● **Records for processing**
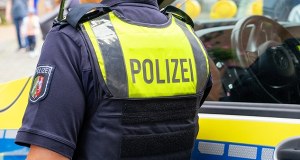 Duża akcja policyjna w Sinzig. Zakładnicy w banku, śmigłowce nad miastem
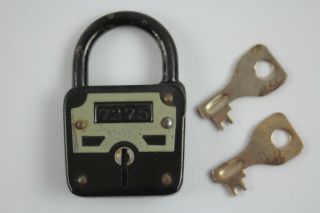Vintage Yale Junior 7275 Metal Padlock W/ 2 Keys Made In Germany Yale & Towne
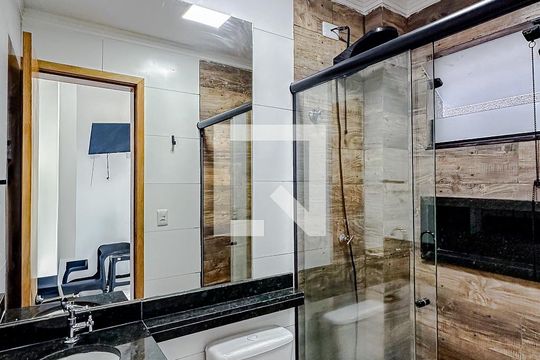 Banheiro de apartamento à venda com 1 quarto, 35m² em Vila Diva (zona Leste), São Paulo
* * *
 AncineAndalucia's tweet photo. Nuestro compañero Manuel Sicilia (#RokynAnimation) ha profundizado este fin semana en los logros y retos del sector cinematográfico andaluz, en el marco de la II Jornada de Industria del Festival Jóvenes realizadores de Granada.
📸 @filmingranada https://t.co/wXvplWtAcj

● **Task details**
With the pictures left out, write out exactly the lines above from the one containing "Duża akcja policyjna" through the one containing "Banheiro de apartamento".

● **Result of the exercise**
 Duża akcja policyjna w Sinzig. Zakładnicy w banku, śmigłowce nad miastem
Vintage Yale Junior 7275 Metal Padlock W/ 2 Keys Made In Germany Yale & Towne
 Banheiro de apartamento à venda com 1 quarto, 35m² em Vila Diva (zona Leste), São Paulo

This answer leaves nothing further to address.